[Opening Source material section]

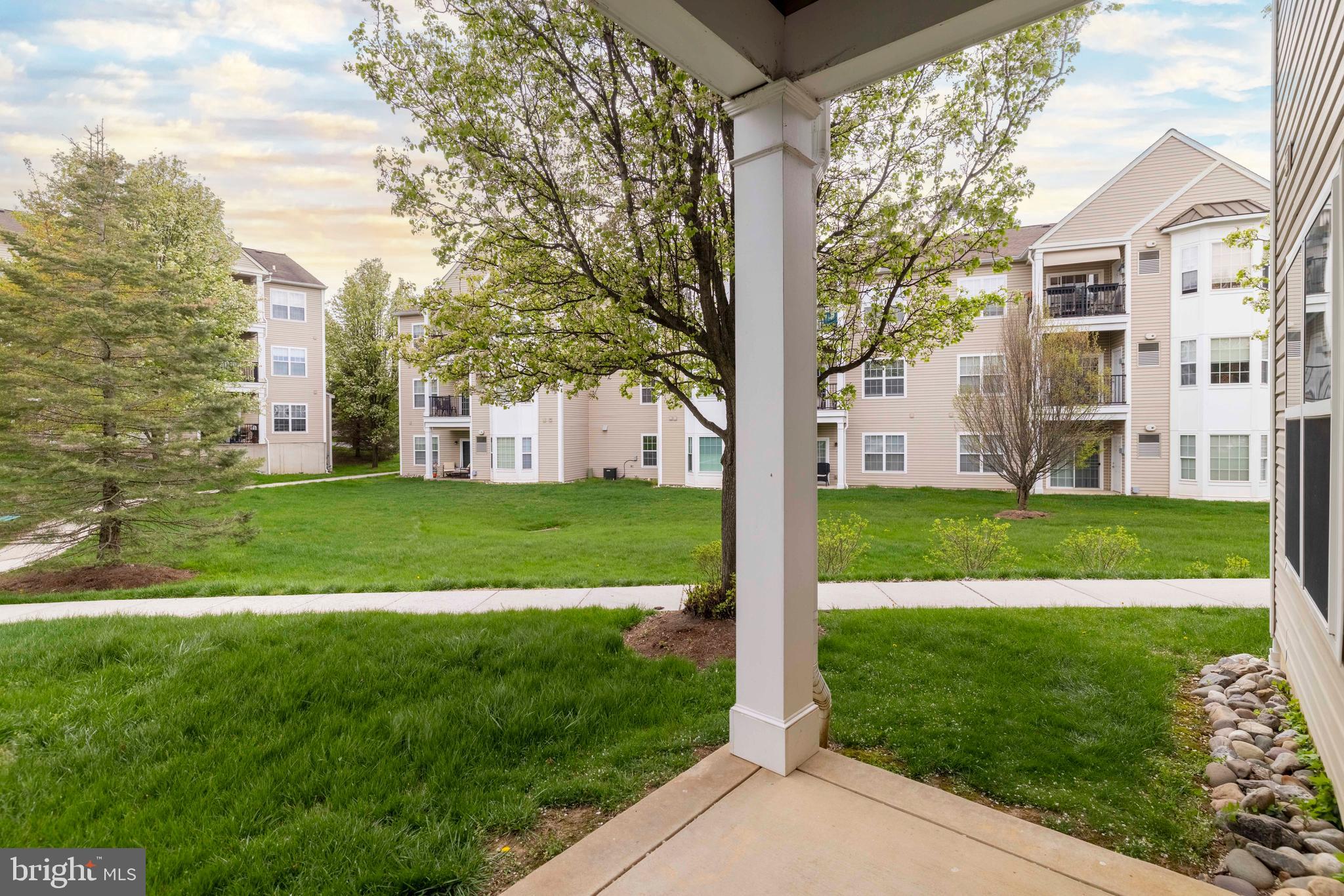 TRAD AT RIDLEY CREEK - Residential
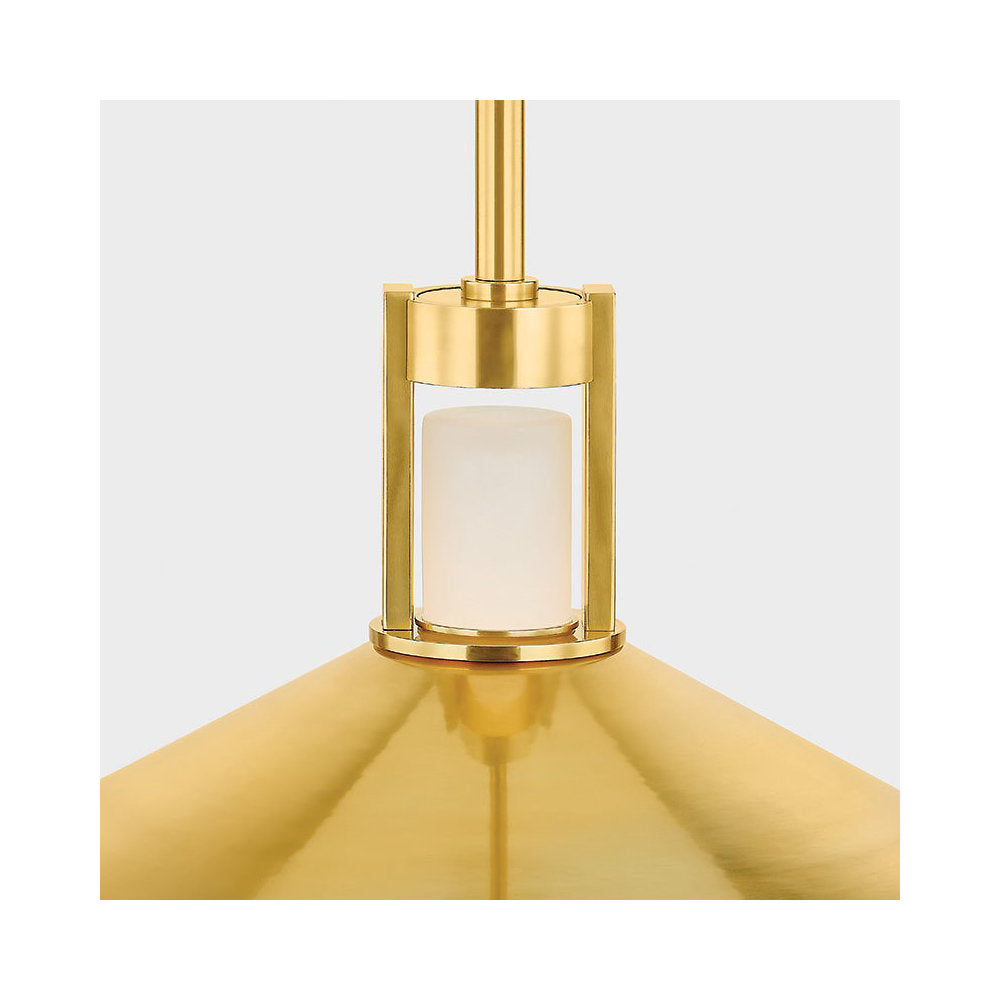 Clermont LED Pendant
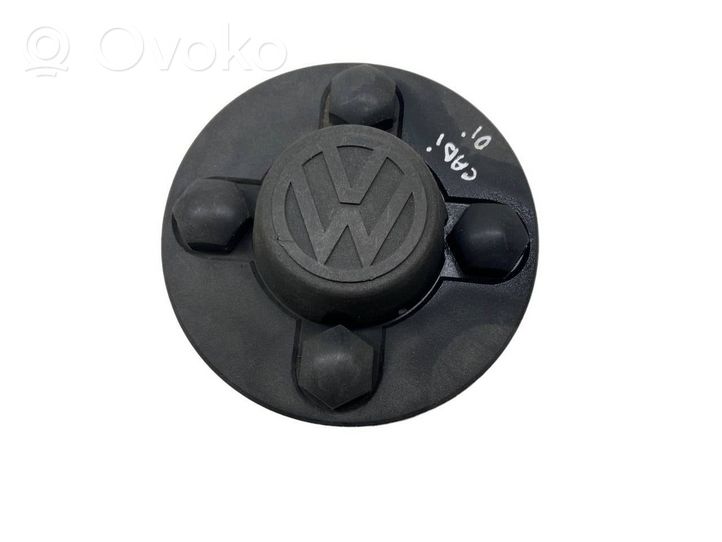 Volkswagen Golf IV Borchia ruota originale 1H0601171C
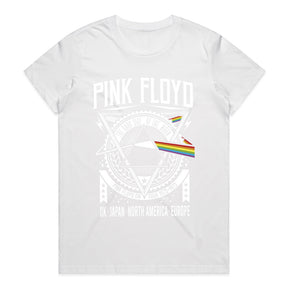 Pink Floyd - The Dark Side of the Moon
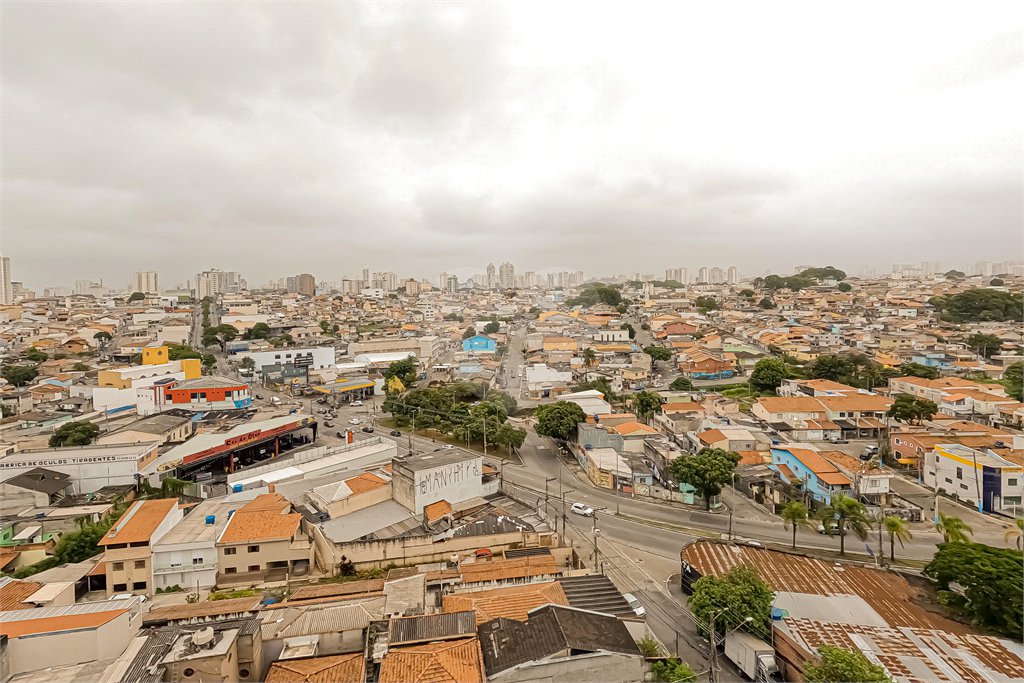 Apartamento à venda com 2 quartos, sendo 1 suíte, em Macedo, Guarulhos, SP
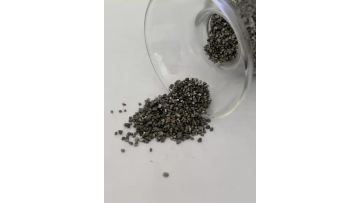 Tin titanium alloy sand 2-3mm
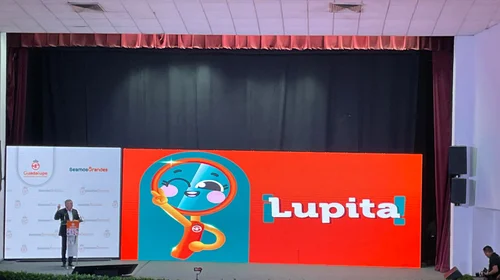 Lanzan 'Lupita', ChatBot para tapar baches en Guadalupe 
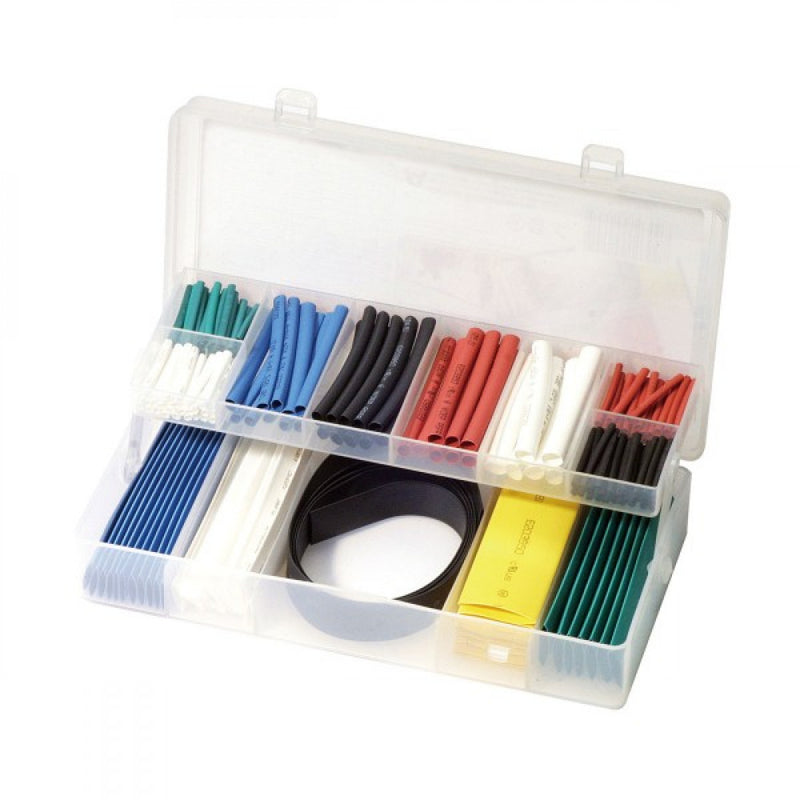 Heat Shrink Set BS1030 - Assorted Sizes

[Closing Source material section]

Activity: Please retype the whole listing above word for word and drop the pictures.

Answer for the task:
 TRAD AT RIDLEY CREEK - Residential
 Clermont LED Pendant
 Volkswagen Golf IV Borchia ruota originale 1H0601171C
 Pink Floyd - The Dark Side of the Moon
 Apartamento à venda com 2 quartos, sendo 1 suíte, em Macedo, Guarulhos, SP
 Tin titanium alloy sand 2-3mm
 Lanzan 'Lupita', ChatBot para tapar baches en Guadalupe 
 Heat Shrink Set BS1030 - Assorted Sizes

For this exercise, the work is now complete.